NER Ulysses Reading Series: National Poetry Month Edition - April 17, 7 PM, Humanities House, Middlebury College

Tara Bray is the author of Small Mothers of Fright (LSU Press, 2015) and Mistaken for Song (Persea Books, 2009). Her recent poems have appeared in Poetry, Agni, Southern ReviewShenandoah, and the Hudson Review, and have been featured by Verse Daily, Poetry Daily, and Ted Kooser’s American Life in Poetry. She grew up in Georgia, and now lives in Richmond, Virginia.

Jane Breakell has been writing fiction since 2011. In 2014, she earned her MFA from Hunter College. The recipient of a Fulbright Award for Creative Writing and a grantee of the Elizabeth George Foundation, she is currently at work on her first novel.

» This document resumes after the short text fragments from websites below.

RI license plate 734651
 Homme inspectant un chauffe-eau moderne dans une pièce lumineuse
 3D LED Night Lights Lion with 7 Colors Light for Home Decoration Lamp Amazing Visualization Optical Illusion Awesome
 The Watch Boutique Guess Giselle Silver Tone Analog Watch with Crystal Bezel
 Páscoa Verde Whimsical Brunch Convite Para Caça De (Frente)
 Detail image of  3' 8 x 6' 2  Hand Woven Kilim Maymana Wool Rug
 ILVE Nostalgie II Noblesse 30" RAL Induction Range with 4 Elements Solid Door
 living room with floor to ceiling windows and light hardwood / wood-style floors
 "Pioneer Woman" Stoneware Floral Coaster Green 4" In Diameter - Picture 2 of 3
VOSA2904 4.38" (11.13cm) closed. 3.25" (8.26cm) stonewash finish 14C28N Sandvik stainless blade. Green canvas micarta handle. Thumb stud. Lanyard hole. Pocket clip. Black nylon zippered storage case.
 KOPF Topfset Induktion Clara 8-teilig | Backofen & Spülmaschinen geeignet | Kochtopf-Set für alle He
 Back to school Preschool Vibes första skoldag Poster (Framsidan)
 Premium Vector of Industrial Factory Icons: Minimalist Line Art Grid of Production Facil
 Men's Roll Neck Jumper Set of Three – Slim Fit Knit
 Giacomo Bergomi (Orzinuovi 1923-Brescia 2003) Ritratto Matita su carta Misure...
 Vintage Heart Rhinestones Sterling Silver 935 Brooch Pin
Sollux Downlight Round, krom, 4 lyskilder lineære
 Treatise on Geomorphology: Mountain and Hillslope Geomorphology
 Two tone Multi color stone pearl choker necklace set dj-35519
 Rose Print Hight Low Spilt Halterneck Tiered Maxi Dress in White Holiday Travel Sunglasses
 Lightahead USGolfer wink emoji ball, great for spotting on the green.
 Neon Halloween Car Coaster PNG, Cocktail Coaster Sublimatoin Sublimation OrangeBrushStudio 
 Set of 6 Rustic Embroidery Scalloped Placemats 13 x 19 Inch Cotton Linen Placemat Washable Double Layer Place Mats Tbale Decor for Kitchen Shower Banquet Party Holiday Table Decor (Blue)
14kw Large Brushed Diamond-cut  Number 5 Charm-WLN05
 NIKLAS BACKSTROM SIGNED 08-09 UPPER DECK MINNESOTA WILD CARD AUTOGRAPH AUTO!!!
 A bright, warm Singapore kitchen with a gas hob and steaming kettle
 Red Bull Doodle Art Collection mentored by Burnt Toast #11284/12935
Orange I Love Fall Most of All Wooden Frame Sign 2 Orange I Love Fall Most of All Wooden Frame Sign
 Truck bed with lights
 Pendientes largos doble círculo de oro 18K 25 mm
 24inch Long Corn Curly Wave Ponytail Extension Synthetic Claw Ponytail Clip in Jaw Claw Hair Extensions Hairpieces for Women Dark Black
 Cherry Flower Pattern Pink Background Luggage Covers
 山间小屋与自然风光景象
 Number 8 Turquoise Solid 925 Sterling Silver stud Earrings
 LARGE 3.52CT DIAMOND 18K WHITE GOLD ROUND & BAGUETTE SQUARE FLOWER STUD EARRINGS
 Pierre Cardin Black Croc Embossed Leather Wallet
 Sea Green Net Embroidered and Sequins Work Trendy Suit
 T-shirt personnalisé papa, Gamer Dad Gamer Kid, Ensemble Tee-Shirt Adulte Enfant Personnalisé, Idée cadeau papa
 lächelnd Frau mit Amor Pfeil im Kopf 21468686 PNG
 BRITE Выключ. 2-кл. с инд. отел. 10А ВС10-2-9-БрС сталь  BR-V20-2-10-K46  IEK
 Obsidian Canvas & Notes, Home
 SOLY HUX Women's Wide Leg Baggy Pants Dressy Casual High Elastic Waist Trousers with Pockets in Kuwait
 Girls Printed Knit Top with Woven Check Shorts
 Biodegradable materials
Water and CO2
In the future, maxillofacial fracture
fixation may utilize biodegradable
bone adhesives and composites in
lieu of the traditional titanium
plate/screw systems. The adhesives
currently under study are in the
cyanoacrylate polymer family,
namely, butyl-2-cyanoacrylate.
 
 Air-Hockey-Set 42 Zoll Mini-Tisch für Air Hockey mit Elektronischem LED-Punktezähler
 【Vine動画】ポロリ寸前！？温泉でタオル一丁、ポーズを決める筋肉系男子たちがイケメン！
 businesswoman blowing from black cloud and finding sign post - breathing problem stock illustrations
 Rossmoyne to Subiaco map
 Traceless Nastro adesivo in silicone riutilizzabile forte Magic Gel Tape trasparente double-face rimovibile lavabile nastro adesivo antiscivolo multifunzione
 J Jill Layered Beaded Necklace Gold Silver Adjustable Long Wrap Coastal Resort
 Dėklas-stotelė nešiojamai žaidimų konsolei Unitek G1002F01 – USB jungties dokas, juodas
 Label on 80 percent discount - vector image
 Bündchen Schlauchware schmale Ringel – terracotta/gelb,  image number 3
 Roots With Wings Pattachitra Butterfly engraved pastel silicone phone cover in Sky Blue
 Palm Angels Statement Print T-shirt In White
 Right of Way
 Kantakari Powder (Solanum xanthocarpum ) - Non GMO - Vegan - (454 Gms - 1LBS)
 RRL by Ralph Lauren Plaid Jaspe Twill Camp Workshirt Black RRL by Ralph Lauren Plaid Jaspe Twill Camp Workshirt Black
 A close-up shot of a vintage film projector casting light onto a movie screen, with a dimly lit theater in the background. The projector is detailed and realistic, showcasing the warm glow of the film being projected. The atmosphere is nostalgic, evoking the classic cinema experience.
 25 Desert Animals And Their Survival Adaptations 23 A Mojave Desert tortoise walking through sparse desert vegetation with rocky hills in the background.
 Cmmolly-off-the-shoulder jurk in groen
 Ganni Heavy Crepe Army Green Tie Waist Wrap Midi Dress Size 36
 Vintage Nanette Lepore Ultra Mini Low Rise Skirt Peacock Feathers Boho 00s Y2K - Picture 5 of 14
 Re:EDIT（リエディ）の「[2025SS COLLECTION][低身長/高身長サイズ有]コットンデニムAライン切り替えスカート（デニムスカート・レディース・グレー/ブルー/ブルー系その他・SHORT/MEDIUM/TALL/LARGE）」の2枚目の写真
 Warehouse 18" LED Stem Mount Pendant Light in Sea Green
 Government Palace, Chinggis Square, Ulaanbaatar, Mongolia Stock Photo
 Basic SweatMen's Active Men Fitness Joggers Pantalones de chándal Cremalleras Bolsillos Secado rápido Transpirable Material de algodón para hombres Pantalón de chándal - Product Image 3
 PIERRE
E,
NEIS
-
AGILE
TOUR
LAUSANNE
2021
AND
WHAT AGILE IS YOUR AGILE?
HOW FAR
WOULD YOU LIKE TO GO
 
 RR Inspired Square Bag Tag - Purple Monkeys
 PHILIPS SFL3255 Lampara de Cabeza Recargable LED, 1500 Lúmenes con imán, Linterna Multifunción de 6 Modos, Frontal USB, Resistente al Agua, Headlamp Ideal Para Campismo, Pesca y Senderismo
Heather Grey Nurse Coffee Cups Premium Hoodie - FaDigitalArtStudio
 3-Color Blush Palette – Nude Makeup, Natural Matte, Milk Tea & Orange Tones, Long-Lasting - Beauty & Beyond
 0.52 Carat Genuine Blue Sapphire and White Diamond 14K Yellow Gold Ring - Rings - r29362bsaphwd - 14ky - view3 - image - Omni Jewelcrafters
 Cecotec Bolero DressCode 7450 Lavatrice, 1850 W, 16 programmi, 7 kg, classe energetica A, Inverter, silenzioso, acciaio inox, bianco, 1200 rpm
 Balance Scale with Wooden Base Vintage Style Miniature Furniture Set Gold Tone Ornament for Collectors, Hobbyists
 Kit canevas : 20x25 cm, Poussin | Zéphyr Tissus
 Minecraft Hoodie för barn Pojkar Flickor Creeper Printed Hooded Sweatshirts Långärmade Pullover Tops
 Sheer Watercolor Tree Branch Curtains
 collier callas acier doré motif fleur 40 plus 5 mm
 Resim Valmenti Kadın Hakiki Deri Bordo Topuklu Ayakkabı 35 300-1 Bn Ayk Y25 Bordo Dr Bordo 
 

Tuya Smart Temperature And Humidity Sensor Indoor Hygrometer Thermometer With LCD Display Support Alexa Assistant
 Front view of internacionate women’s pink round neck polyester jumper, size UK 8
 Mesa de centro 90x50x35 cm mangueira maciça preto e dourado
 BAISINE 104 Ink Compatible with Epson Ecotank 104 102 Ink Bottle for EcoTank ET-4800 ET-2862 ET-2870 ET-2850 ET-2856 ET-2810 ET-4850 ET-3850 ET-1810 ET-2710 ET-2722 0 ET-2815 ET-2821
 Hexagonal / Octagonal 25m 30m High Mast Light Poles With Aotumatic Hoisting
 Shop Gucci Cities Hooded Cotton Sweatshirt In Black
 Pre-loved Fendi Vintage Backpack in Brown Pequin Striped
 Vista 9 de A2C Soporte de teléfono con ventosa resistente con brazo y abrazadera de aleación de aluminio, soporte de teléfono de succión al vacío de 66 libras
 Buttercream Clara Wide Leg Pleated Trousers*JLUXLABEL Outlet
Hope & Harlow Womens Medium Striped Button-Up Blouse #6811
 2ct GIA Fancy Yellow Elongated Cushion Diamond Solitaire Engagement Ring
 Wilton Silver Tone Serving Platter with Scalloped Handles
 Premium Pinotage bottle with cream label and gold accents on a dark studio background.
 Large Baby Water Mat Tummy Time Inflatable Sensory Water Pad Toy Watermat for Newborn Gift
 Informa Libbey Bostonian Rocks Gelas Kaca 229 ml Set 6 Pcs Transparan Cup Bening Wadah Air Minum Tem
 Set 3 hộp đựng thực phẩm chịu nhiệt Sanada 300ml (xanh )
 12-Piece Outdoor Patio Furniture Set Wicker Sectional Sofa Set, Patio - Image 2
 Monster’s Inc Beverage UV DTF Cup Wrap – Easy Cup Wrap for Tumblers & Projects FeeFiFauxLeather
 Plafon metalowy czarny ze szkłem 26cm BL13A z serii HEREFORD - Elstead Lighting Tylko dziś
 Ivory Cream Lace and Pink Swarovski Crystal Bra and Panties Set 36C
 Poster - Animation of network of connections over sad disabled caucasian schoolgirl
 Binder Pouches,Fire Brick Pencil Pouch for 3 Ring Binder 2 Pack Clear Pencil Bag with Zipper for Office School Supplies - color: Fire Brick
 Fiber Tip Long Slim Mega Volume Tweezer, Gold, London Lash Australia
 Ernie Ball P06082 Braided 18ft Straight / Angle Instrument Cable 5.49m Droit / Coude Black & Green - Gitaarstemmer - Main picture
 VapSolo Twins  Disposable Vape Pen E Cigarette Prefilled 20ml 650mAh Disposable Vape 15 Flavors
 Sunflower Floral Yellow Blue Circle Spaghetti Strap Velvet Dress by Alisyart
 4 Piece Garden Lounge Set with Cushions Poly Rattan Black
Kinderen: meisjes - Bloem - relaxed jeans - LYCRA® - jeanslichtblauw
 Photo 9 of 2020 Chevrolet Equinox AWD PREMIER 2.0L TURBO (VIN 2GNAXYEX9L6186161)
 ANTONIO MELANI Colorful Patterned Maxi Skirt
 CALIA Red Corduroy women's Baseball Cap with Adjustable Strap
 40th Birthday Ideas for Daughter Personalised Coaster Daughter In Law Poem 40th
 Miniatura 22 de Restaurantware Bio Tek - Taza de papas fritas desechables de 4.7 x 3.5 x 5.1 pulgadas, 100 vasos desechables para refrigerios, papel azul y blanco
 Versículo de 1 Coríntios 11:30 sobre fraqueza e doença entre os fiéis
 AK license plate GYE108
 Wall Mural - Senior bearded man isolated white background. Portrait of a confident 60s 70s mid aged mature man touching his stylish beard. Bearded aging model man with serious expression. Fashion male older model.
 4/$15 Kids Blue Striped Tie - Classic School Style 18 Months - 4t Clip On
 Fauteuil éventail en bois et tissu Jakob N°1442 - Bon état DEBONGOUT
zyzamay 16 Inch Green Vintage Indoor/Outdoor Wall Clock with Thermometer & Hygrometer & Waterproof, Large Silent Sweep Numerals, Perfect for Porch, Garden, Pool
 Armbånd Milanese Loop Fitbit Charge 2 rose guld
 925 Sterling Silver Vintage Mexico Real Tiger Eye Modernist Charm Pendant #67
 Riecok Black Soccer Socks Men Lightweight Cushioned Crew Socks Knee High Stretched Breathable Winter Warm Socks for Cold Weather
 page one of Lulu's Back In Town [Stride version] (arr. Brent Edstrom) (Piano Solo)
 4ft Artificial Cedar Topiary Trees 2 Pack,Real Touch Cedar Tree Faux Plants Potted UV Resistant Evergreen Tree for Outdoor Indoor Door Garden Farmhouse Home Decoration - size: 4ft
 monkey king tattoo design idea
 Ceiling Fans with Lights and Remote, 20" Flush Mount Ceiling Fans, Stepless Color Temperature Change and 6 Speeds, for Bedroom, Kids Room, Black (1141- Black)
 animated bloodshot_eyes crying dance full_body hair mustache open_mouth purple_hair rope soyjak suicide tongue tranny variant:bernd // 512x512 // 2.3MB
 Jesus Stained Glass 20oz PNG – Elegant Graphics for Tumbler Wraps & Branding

Anders Carlson-Wee is the author of The Low Passions (W. W. Norton, 2019). His work has appeared in BuzzFeed, the Nation, Kenyon ReviewTin House, Ploughshares, Best New Poets, and The Best American Nonrequired Reading. His chapbook, Dynamite, won the Frost Place Chapbook Prize. He has received fellowships from the National Endowment for the Arts, the McKnight Foundation, the Camargo Foundation, and the Bread Loaf, Sewanee, and Napa Valley Writers’ Conferences. He lives in Minneapolis.

Laurence de Looze is a Canadian-American whose heart and soul bounce between French and Hispanic cultures. He has published fiction in a number of reviews. His most recent book is The Letter and the Cosmos: How the Alphabet Has Shaped the Western View of the World (University of Toronto Press, 2016), which is now being translated into Chinese.

Joanne Diaz is the recipient of fellowships from the Illinois Arts Council, the National Endowment for the Arts, and the Sustainable Arts Foundation. She is the author of My Favorite Tyrants (University of Wisconsin Press, 2014) and The Lessons (Silverfish Review Press, 2011). With Ian Morris, she is co-editor of The Little Magazine in Contemporary America (University of Chicago Press, 2015). She is an associate professor of English at Illinois Wesleyan University.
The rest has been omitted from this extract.